Class: TF2R::Scraper

Inherits:

Object

Object
TF2R::Scraper

Includes:: TextHelpers

Defined in:: lib/tf2r/scraper.rb

Overview

This class provides a way to retrieve webpages from tf2r.com and scrape them for information about raffles, users, entries, etc.

Author:

Justin Kim

Defined Under Namespace

Classes: InvalidUserPage

Instance Method Summary collapse

#fetch(url) ⇒ Mechanize::Page

Fetches the page at the given URL.
#initialize(options = {}) ⇒ Scraper constructor

Creates a Scraper.
#load_cookies(cookies_txt) ⇒ Mechanize::CookieJar

Loads the Mechanize agent with cookies from a cookies.txt.
#scrape_main_page ⇒ Hash

Scrapes TF2R for all active raffles.
#scrape_raffle(page) ⇒ Array

Scrapes a raffle for all available information.
#scrape_raffle_for_creator(page) ⇒ Hash

Scrapes a raffle page for information about the creator.
#scrape_raffle_for_participants(page) ⇒ Array

Scrapes a raffle page for all the participants.
#scrape_raffle_for_raffle(page) ⇒ Hash

Scrapes a raffle page for some information about the raffle.
#scrape_ranks(info_page) ⇒ Array

Scrapes the TF2R info page for available user ranks.
#scrape_user(user_page) ⇒ Hash

Scrapes a user page for information about the user.

Methods included from TextHelpers

#extract_color, #extract_link_snippet, #extract_steam_id, #raffle_link, #raffle_link_full, #user_link

Constructor Details

#initialize(options = {}) ⇒ `Scraper`

Creates a Scraper. Pass values using the options hash.

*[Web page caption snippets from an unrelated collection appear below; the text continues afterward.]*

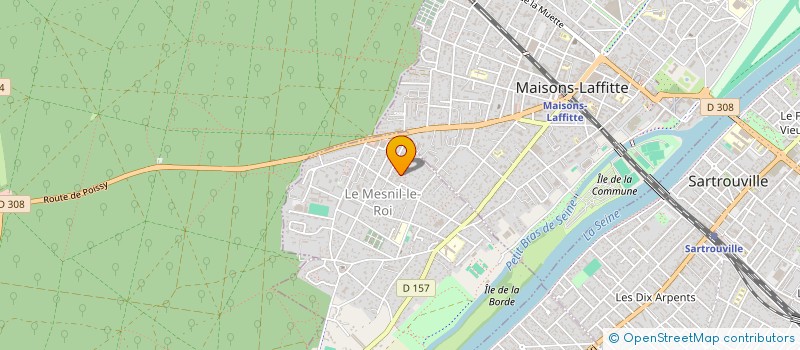 localisation de l'entreprise MONSIEUR JORGE ALEXANDRE MARTINS  LE MESNIL-LE-ROI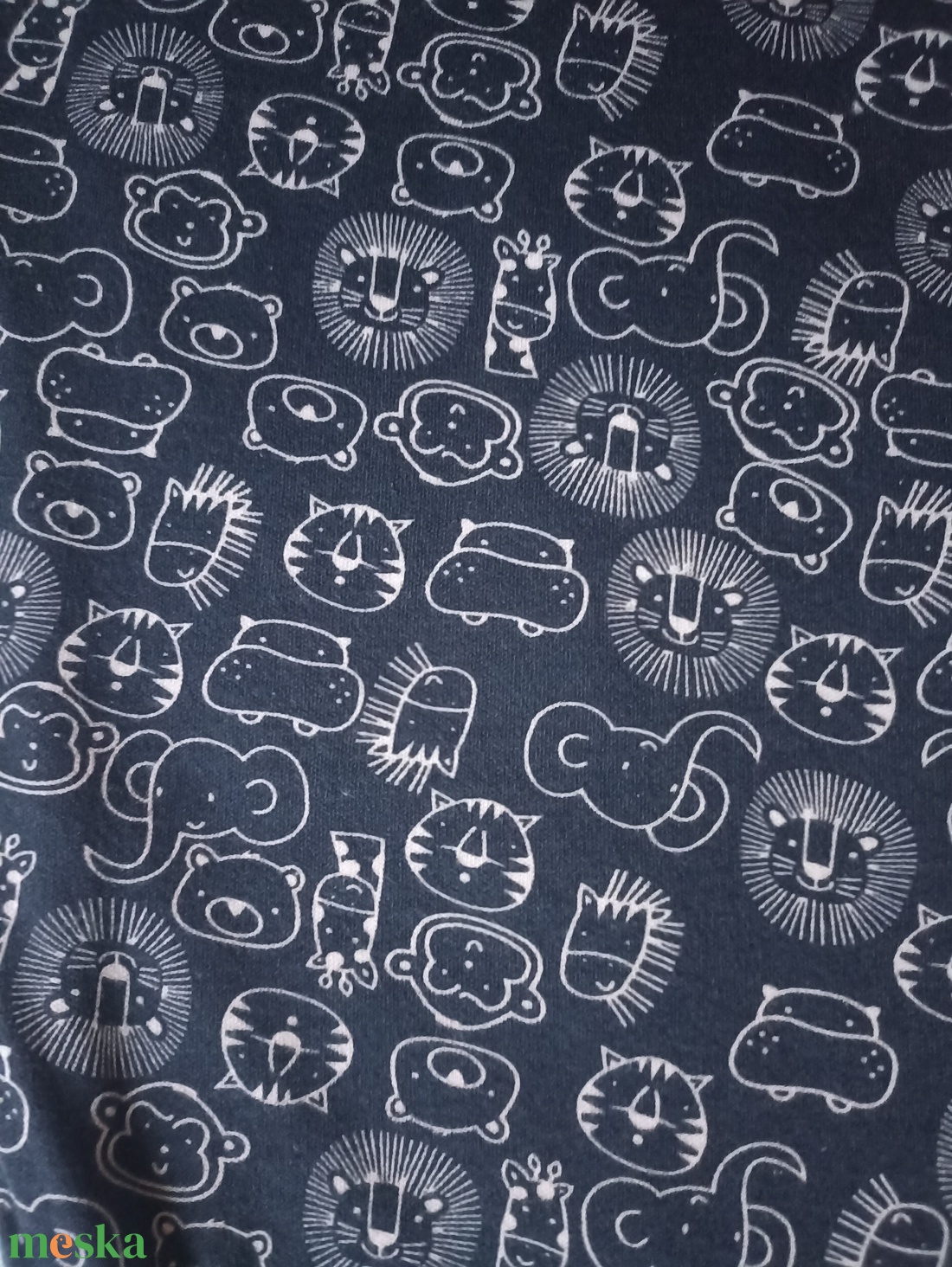 104-110-116-os Őszi téli tipegő hálózsák 21-23 fokba átmeneti pamut sötékék állatos - baba - mama - babaruházat - tipegőhálózsák - Meska.hu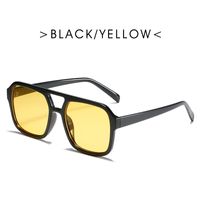 Vintage Style Solid Color Ac Square Full Frame Women's Sunglasses sku image 2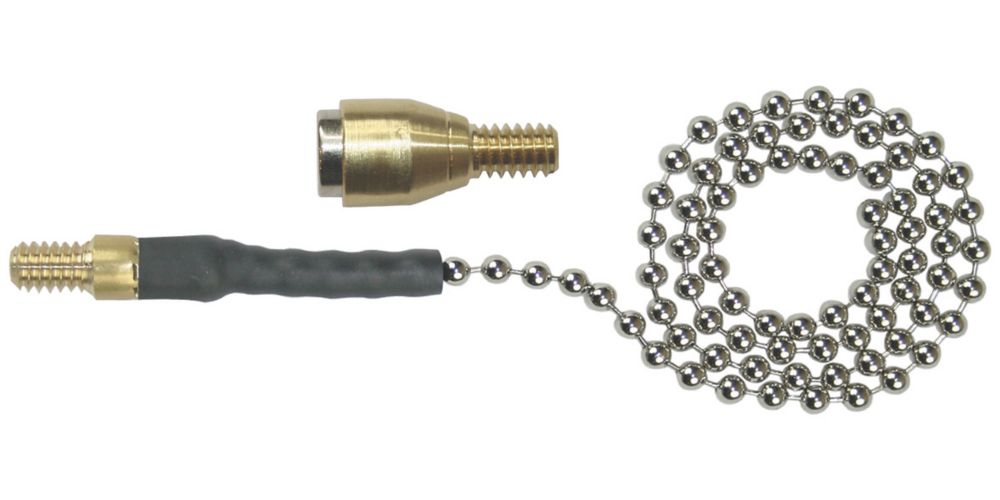 Super Rod - Herramienta para tender cables con cadena e imán, 2 piezas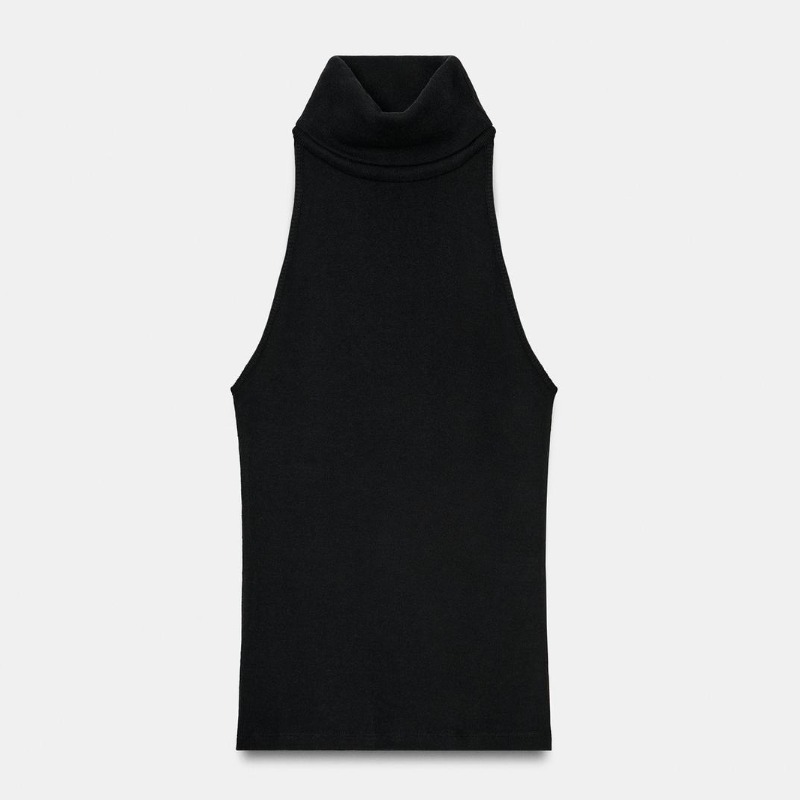 HIGH NECK SLEEVELESS TOP — Zara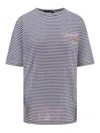 Dsquared2 T-shirt And White Pole In Blue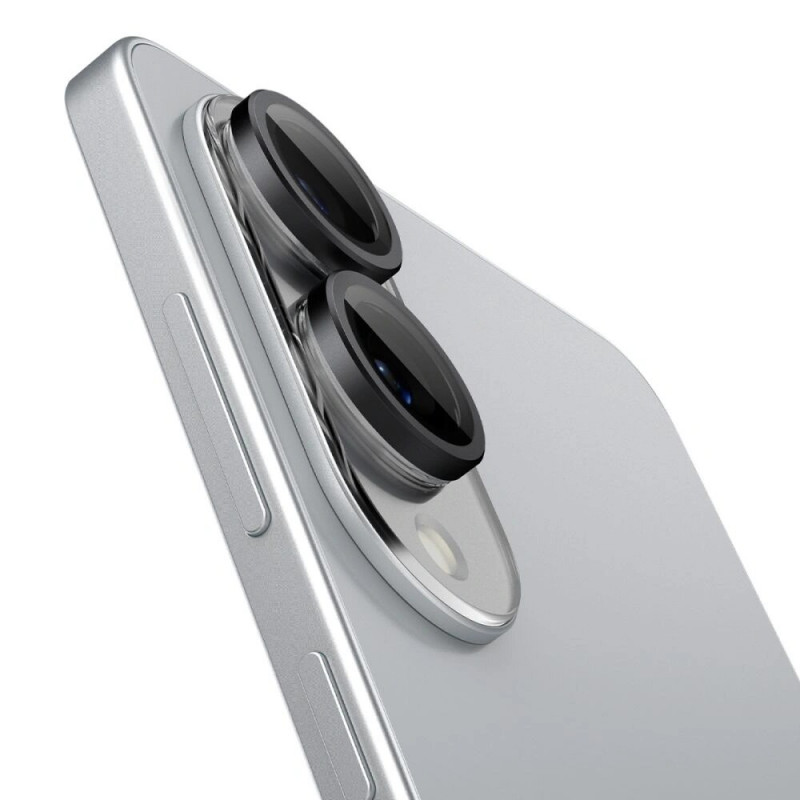 Spigen Optik Pro Glas.tR EZ Fit AGL09413 Προστατευτικό Κάμερας για Samsung Galaxy S25 Edge, Μαύρο (2 τεμ.)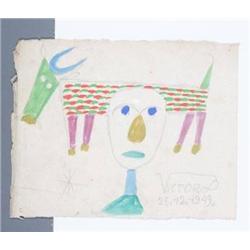 Victor Brauner drawing Prestini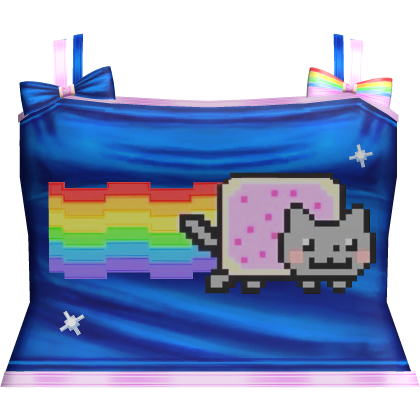 Kawaii Nyan Cat Rainbow Top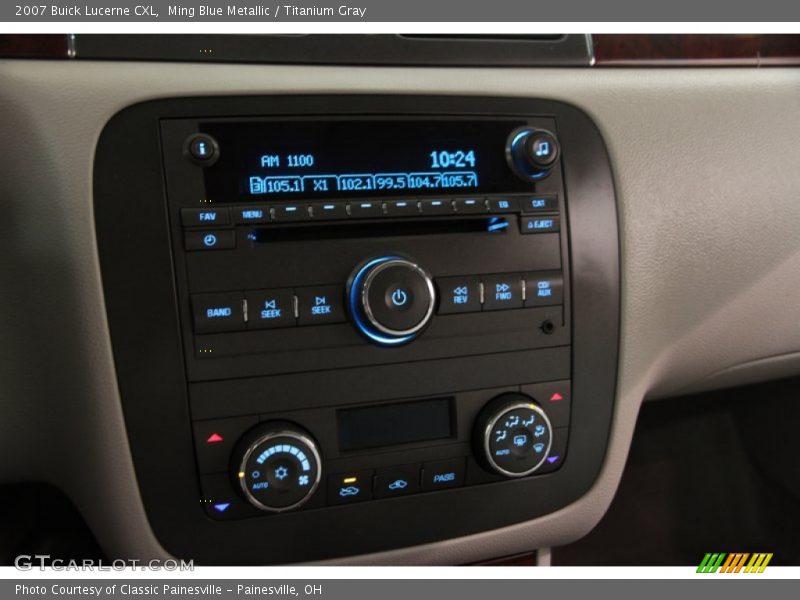 Ming Blue Metallic / Titanium Gray 2007 Buick Lucerne CXL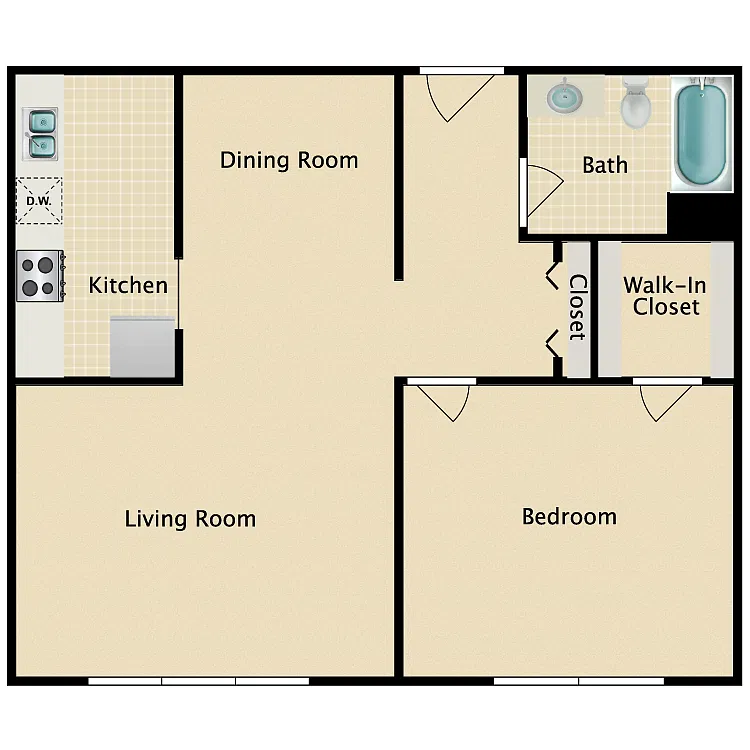 Floor plan Maple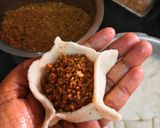 A picture of step 2 of Groundnut Poli.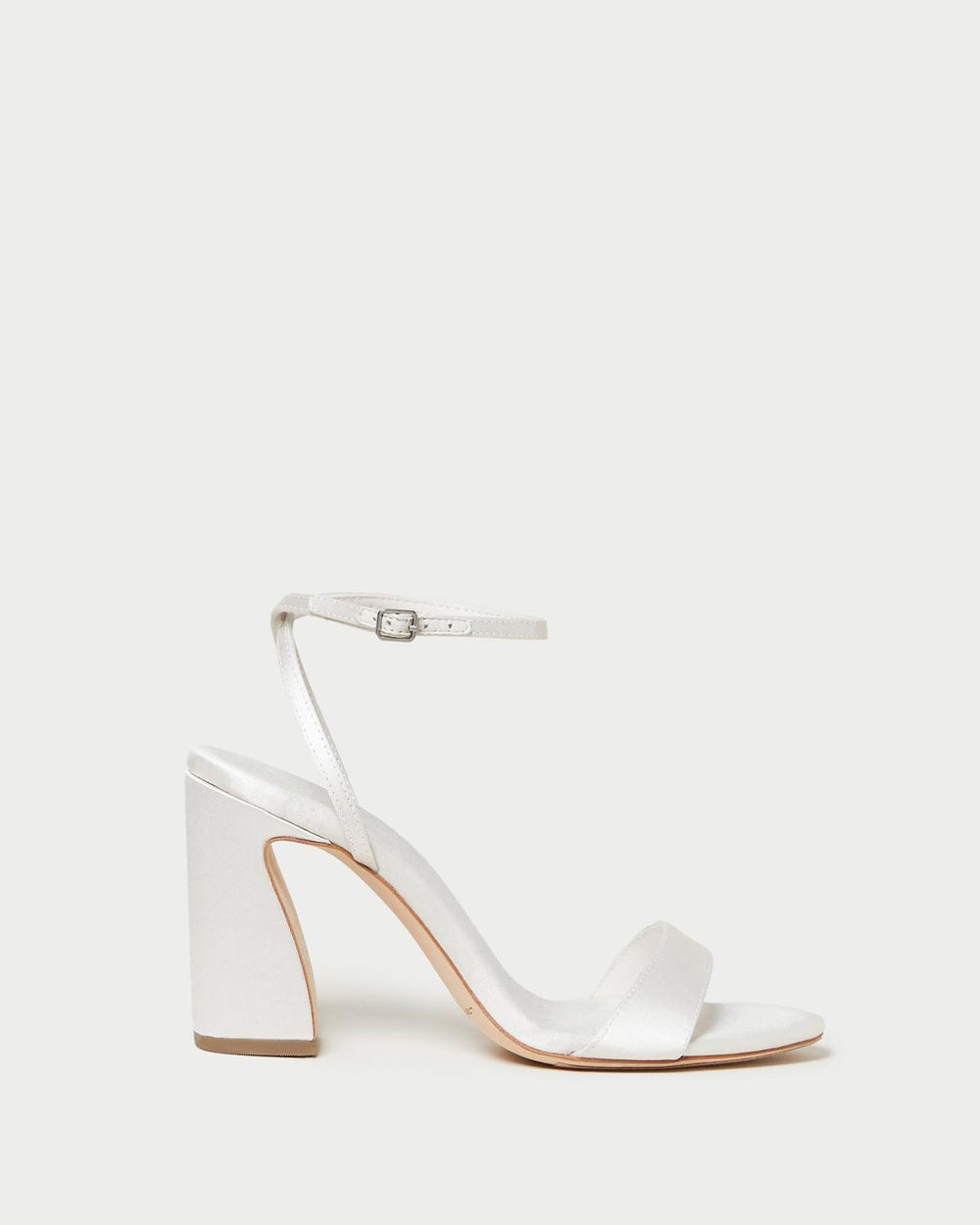 Loeffler Randall Malia Cream Curved-Heel Sandal L Heeled Sandals L Footwear | Women Heeled Sandals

:user_agent a String used for the User-Agent header
:cookies_txt a File containing cookies to load into the Mechanize agent

Parameters:

options (Hash) (defaults to: {}) —

options to create a Scraper with

Options Hash (options):

:user_agent (String) —

a custom User-Agent header content
:cookies_txt (File) —

a cookies.txt to load the Mechanize agent with

# File 'lib/tf2r/scraper.rb', line 20

def initialize(options={})
  @mech = Mechanize.new { |mech|
    mech.user_agent = options[:user_agent] || "TF2R::Scraper #{VERSION}"
  }

  load_cookies(options[:cookies_txt]) if options[:cookies_txt]
end

Instance Method Details

#fetch(url) ⇒ `Mechanize::Page`

Fetches the page at the given URL.

Parameters:

url (String) —

the desired URL.

Returns:

(Mechanize::Page) —

the page given by Mechanize.



44
45
46

# File 'lib/tf2r/scraper.rb', line 44

def fetch(url)
  @mech.get(url)
end

#load_cookies(cookies_txt) ⇒ `Mechanize::CookieJar`

Loads the Mechanize agent with cookies from a cookies.txt.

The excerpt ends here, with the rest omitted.